Pertama dan terutama sekali, ini adalah cerita asal muasal Diana sebagai seorang superhero. Film yang panjang, tapi enggak akan jadi masalah karena kita perlu untuk melihat darimana dia berasal, literally dan figuratively. Kita perlu untuk bisa melihat kenapa Diana menjadi the way she is. Kita akan berkunjung ke kampung halamannya, sebuah pulau bak surga, yang dihuni oleh kaum Amazon yang seluruhnya adalah wanita. Di sana Diana sedari kecil sudah enggak sabar untuk dilatih bertempur menjadi seorang pejuang. Oleh ibunya, dia diceritakan kisah tentang dewa-dewa dan manusia, gimana Dewa Perang, Ares, menanam bibit kebencian dan prasangka demi membuat para manusia saling berperang. Ares terasing oleh Zeus, dan kaum Amazon dititah untuk berlatih sebagai persiapan bertempur melawan Ares. Kemudian seorang pria manusia terdampar di pulau Diana, sepasukan tentara Jerman mengekor di belakang puing pesawatnya. Dari pria tersebut, Diana menjadi tahu akan keadaan dunia luar; Perang Dunia I lagi hits. Percaya ini ada kaitannya dengan Ares, Diana tergerak untuk pergi membantu perang melawan Jerman.

Pulau Surga banget

 

Cerita superhero semestinya tidak berpuas menuhin misi sesak oleh adegan-adegan aksi dan komentar-komentar talk trash ataupun yang konyol. DC Universe melakukannya dengan benar kali ini.
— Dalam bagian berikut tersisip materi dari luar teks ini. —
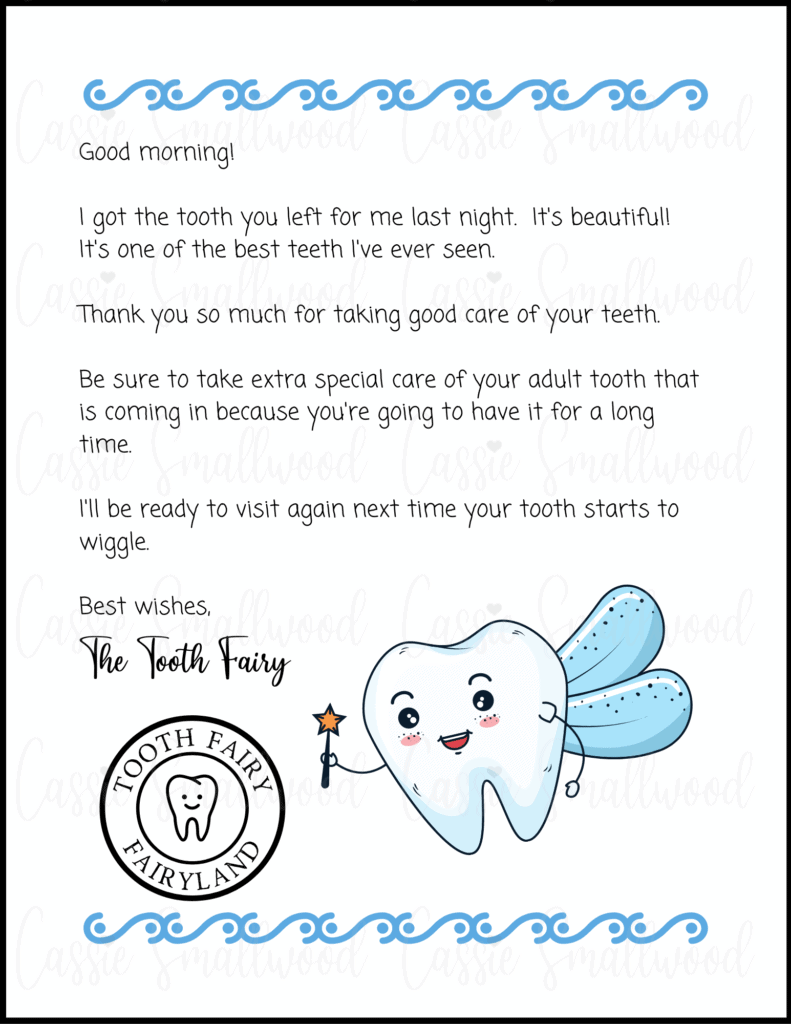 Letter From Tooth Fairy Printable
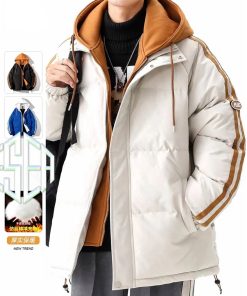 Esea Áo Khoác Dày Dặn Dáng Rộng Giả Hai Mảnh Có Mũ Trùm Đầu Phong Cách retro Mỹ Giản Dị Ấm Áp Mùa Đông Thời Trang Thường Ngày Dành Cho Nam Và Nữ-thoitrangcenter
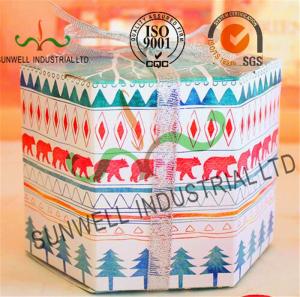 China Personalized Hexagon Cardboard Food Packaging Boxes With Ribbon Bow Decoration factory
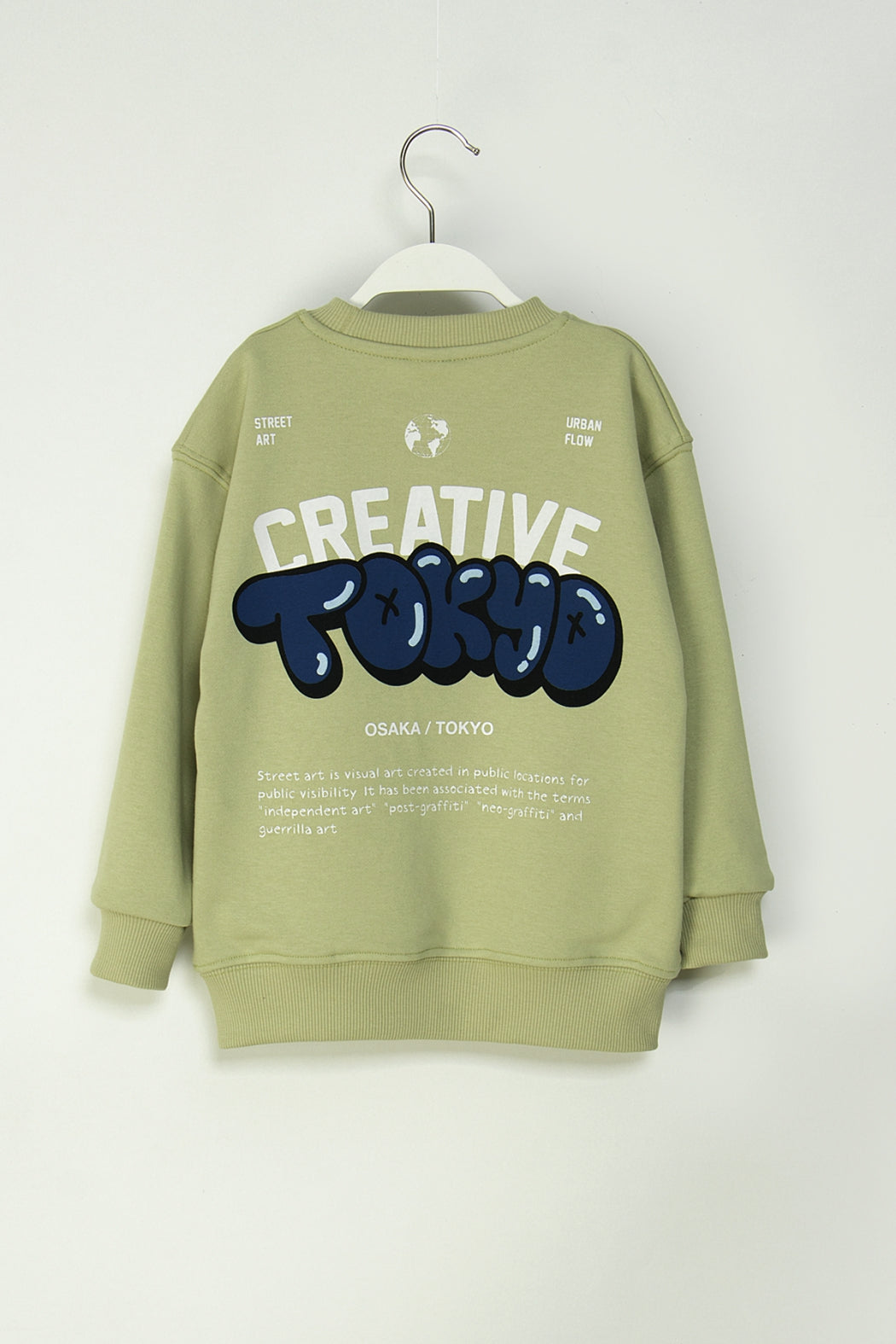 Erkek Çocuk Creative Tokyo Baskılı Sweatshirt Pamuklu Rahat Kalıp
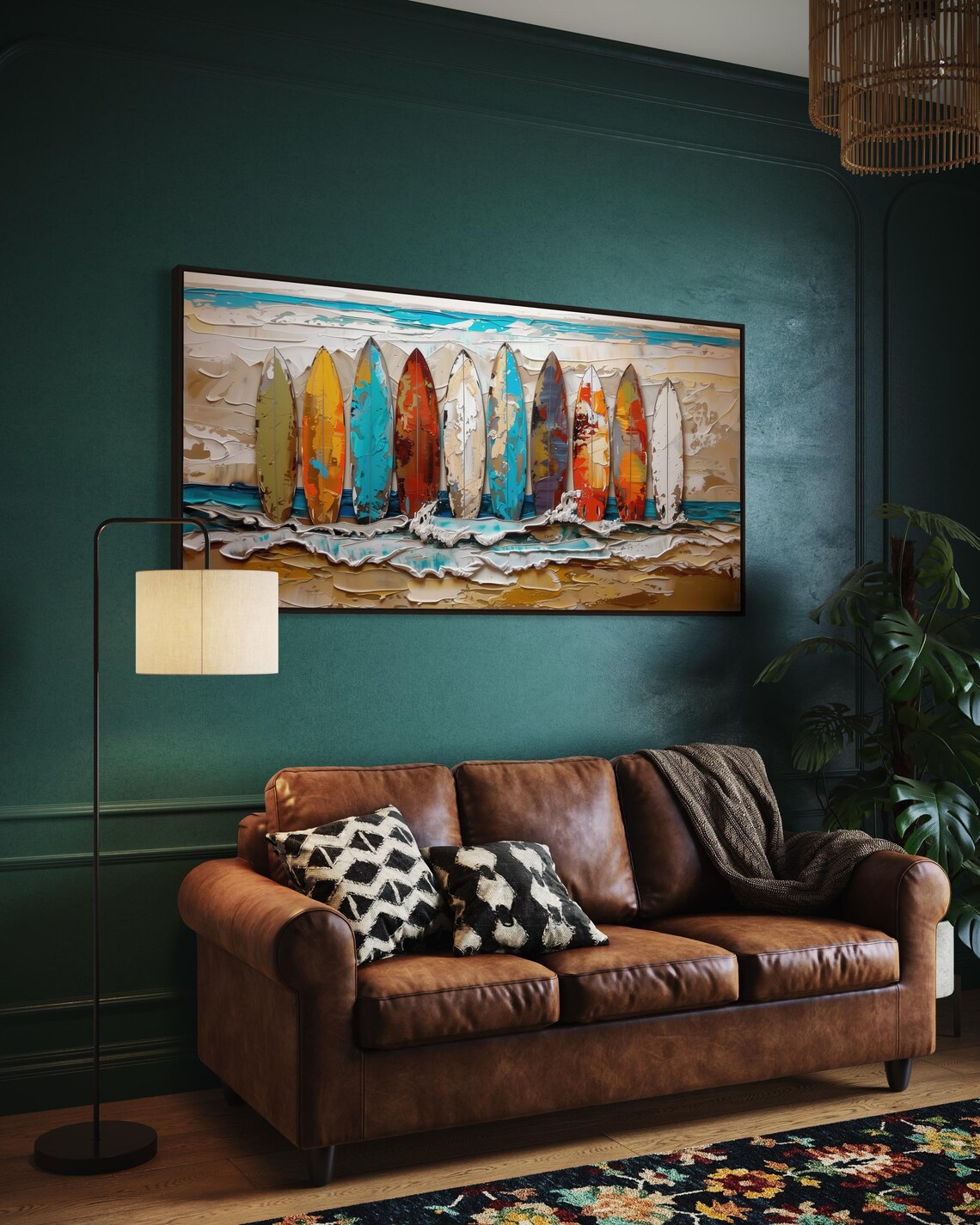 Surfboard Coastal Panoramic Art Print for Beach House - Image 2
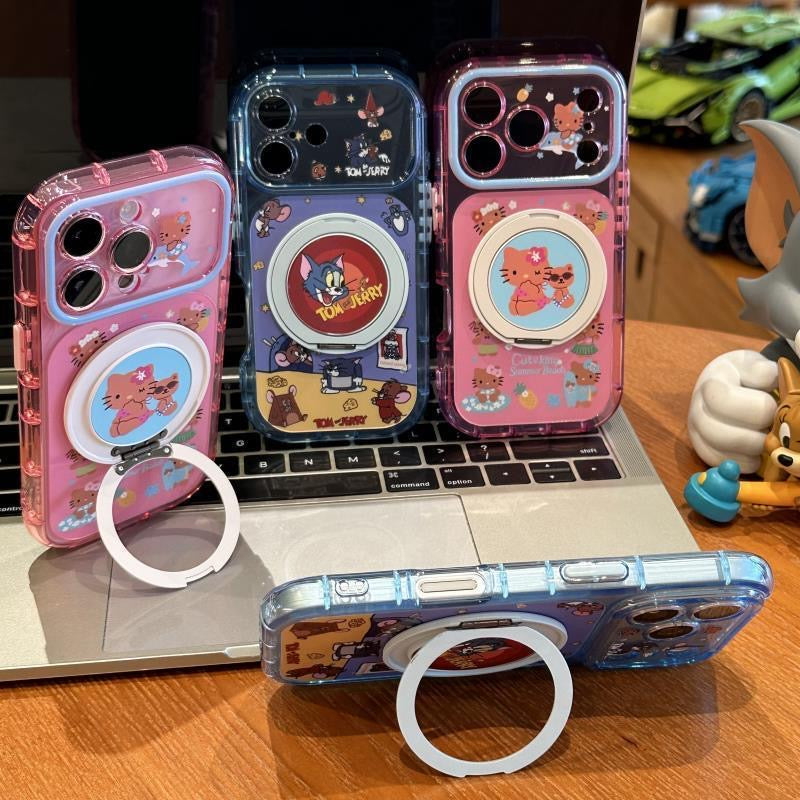 Kawaii Cartoon Kitty Tom and Jerry Magnetic Ring Holder Phone Case Shockproof Clear Protective Case For iPhone 15 14 13 12 11 Pro Max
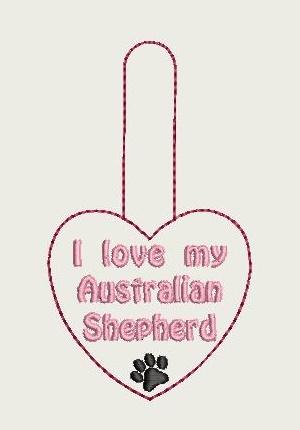I Love My Australian Shepherd Key Fob 4X4 Db Fobs
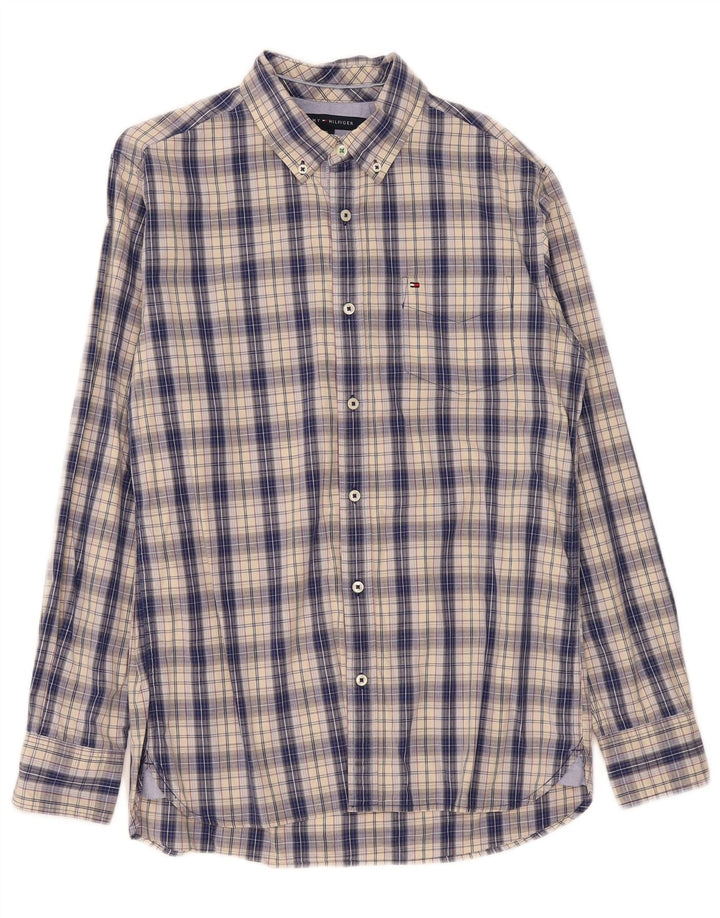 Camicia da uomo su misura Tommy Hilfiger in cotone a quadri blu medio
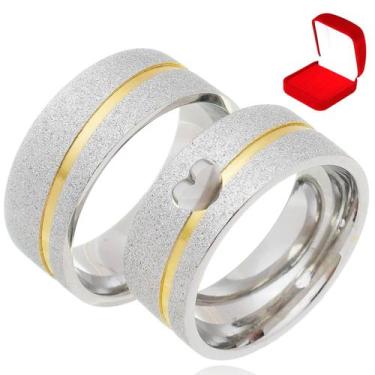 Imagem de Par Alianças Prata 950 com Fio de Ouro e Coração Vazado 8mm Anatômica 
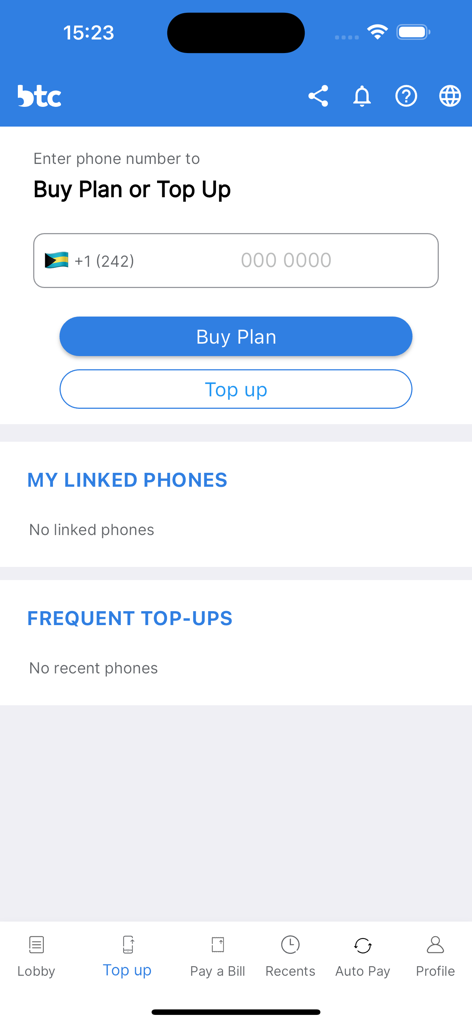 MyBTC - MyBTC app interface for purchasing mobile plans and topping up accounts.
Wonder Woman punya skrip yang ketat, pengkarakteran tokoh-tokohnya ditulis sangat kuat. Semua elemen digunakan untuk membangun karakter Diana, really catering into her upbringing. Ada warna kebanggaan dan harapan yang melekat erat. Dan film ini melakukan apa yang tidak dilakukan oleh Captain America: The First Avenger (2011); kita benar-benar melihat seting perang, lantaran Diana terlibat langsung di dalam perang tersebut. Film ini juga punya serangkaian lelucon, actually sangat kocak. Film ini paham untuk memerah canda dari trope-trope klasik Wonder Woman. Tidak seperti film-film DC sebelumnya, Wonder Woman tidak mengubah perspektif kita terhadap sang superhero. Film ini embrace the nature dan membuat kita merasakan sensasi wonder dunia dan karakter si Diana. The movie knows how to make fun of the whole origin concept, bagian mana yang konyol, dan mengolahnya menjadi dialog yang ringan dan menghibur.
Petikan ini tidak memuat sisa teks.